Input data:
▽

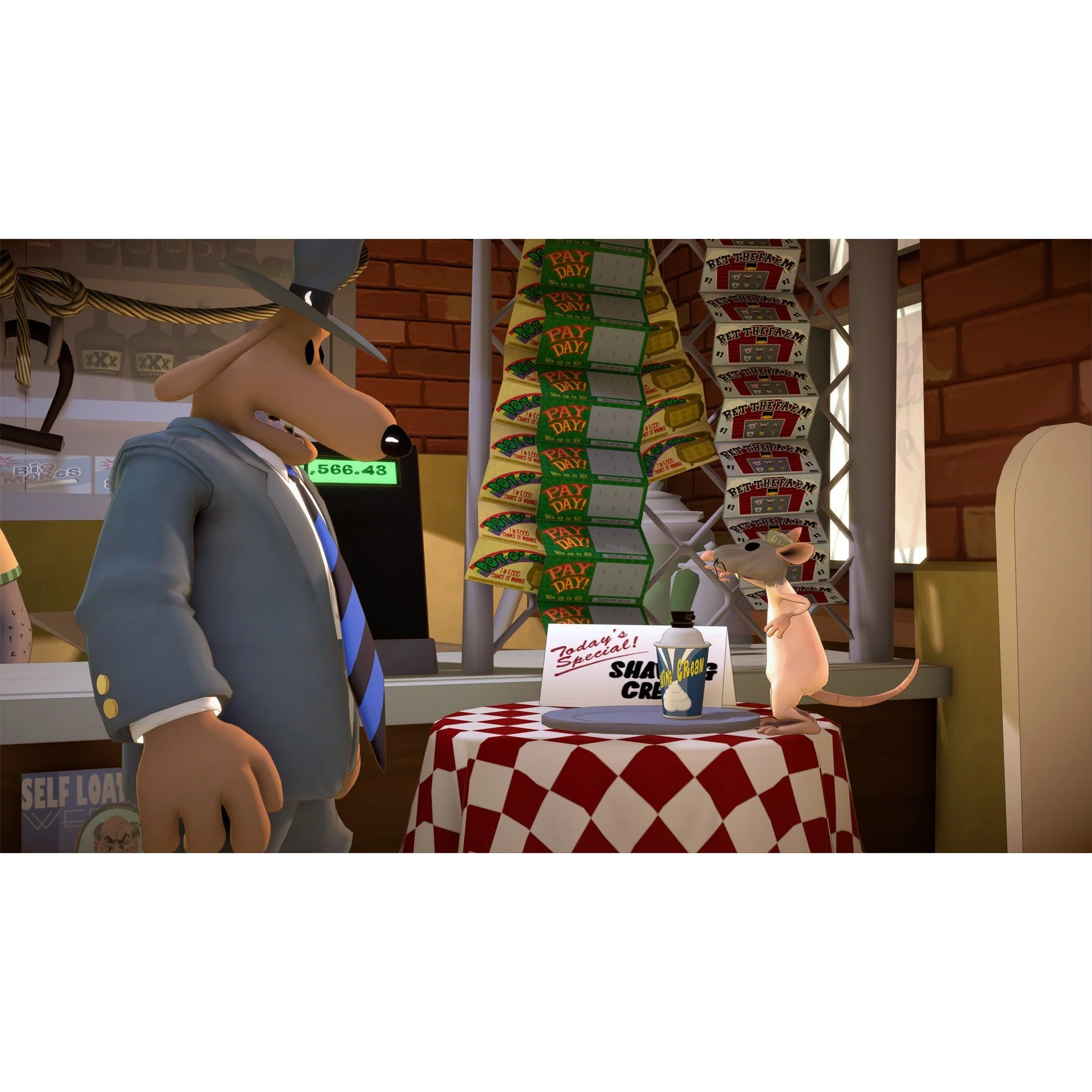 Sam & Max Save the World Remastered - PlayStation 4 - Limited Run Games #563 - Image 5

△
▽

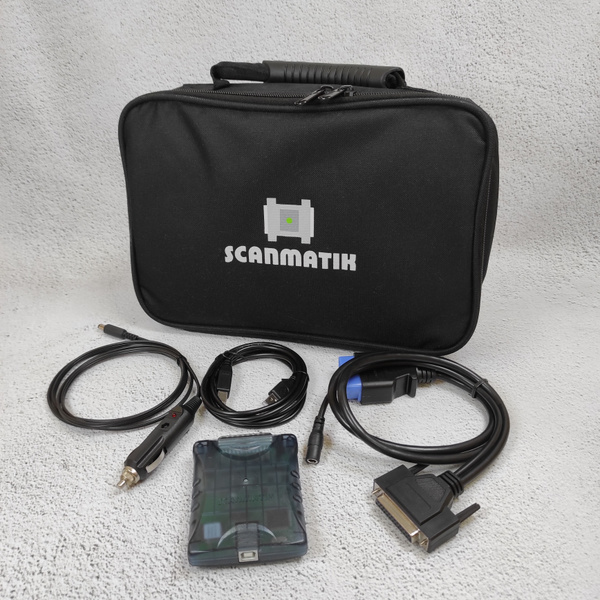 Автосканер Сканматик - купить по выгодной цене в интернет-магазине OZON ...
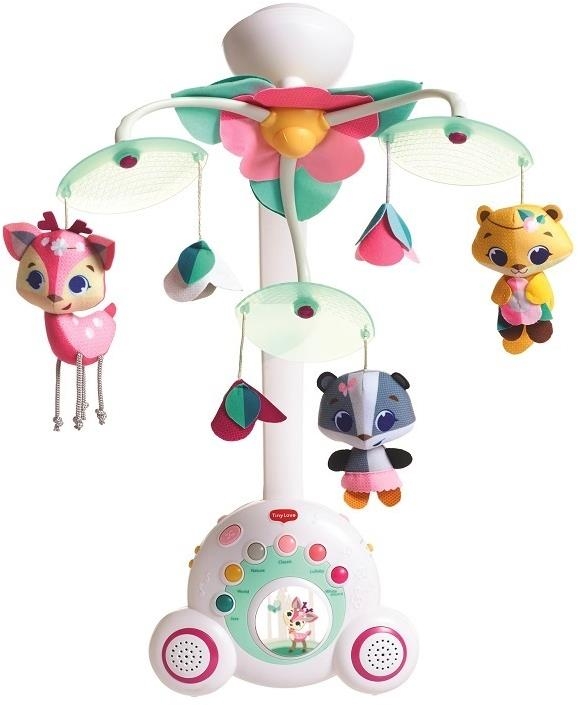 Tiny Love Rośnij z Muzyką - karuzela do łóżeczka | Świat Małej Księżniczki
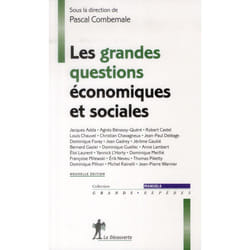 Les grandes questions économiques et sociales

△

Your instructions: Although pictures appear among the records above, none are to be output; print exactly the lines from the line containing "Автосканер Сканматик - купить" through the line containing "Les grandes questions".

Solution below:
 Автосканер Сканматик - купить по выгодной цене в интернет-магазине OZON ...
 Tiny Love Rośnij z Muzyką - karuzela do łóżeczka | Świat Małej Księżniczki
 Les grandes questions économiques et sociales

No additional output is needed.